Despite there being near parity in numbers – data from Statista placed the global population in 2020 at 3.91 billion men and 3.85 billion women – the researchers found only four countries where women’s place in the legislature did not closely resemble lip service. In Cuba, Mexico, Nicaragua and Rwanda women hold a majority of seats in parliament, the report said, and in Antigua and Barbuda, the Plurinational State of Bolivia and Iceland, they outnumber men in local governments. On the other hand, in the United Arab Emirates (UAE), women have held 50 percent of the seats in parliament since 2019 when a quota was set by presidential decree. However, that country’s record on women’s rights is subpar as there is still significant discrimination against women and girls, including laws that allow men to claim ‘guardianship authority’ over adult women and loopholes where they receive reduced sentences for killing female relatives, among other things.
Most of this might seem far-fetched and some of it familiar. It is both.
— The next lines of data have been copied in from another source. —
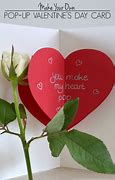 Image result for Valentine Card Ideas to Make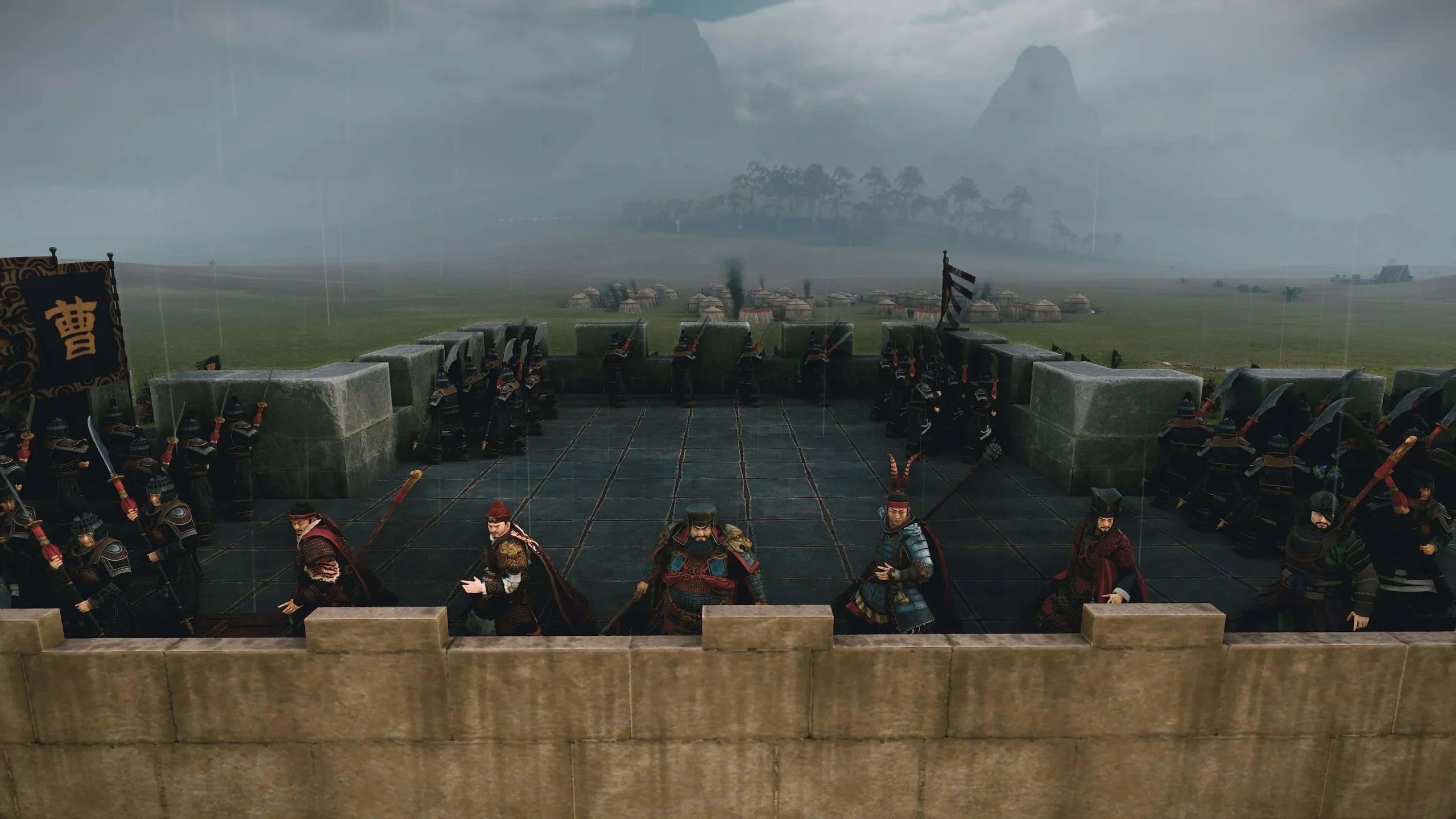 Total War Three Kingdoms Latest Version Download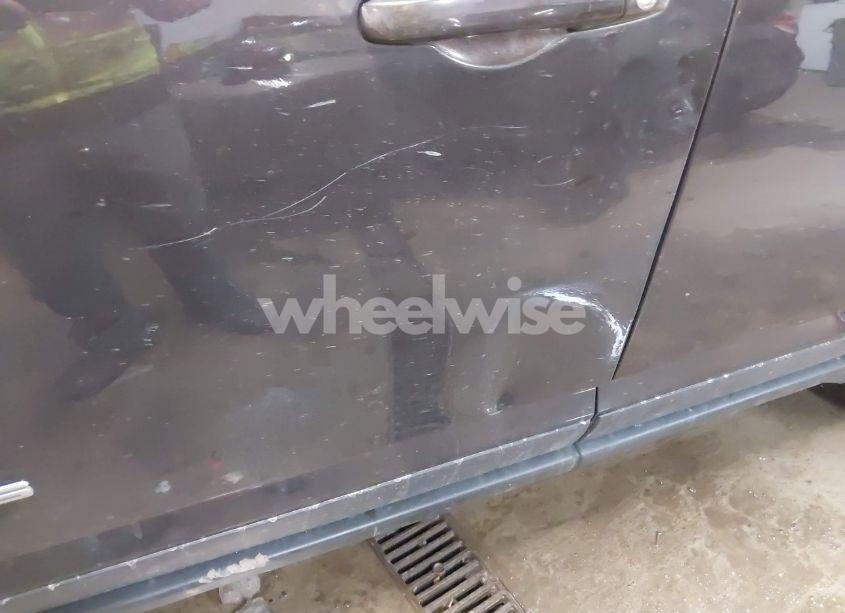 Photo 19 of 2014 Jeep Compass LATITUDE (VIN 1C4NJCEB0ED628378)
There is that wow factor when one considers the progress made in the first four countries named, particularly Cuba and Rwanda, where well-known setbacks some years ago might have appeared to be insurmountable. One could empathise with the women in the UAE, whose apparent legislative empowerment is so cosmetic it could very well have been produced by Mary Kay. However, one might instead want to save that empathy for the home front.
The finalised data for Guyana’s 2012 population census, found on the Bureau of Statistics’ website, places the adult population in this country at 723,181 of which there were 358,845 men and 364,336 women. The hypocrisy offered up as women’s empowerment was evident in their representation in the 2011 Cabinet – of the 20+ members, five were women – 23.8 percent. The parliamentary opposition had similar numbers. When the government changed in 2015, the Cabinet increased, but of the 26+ places, only nine went to women, upping the percentage to 34.6.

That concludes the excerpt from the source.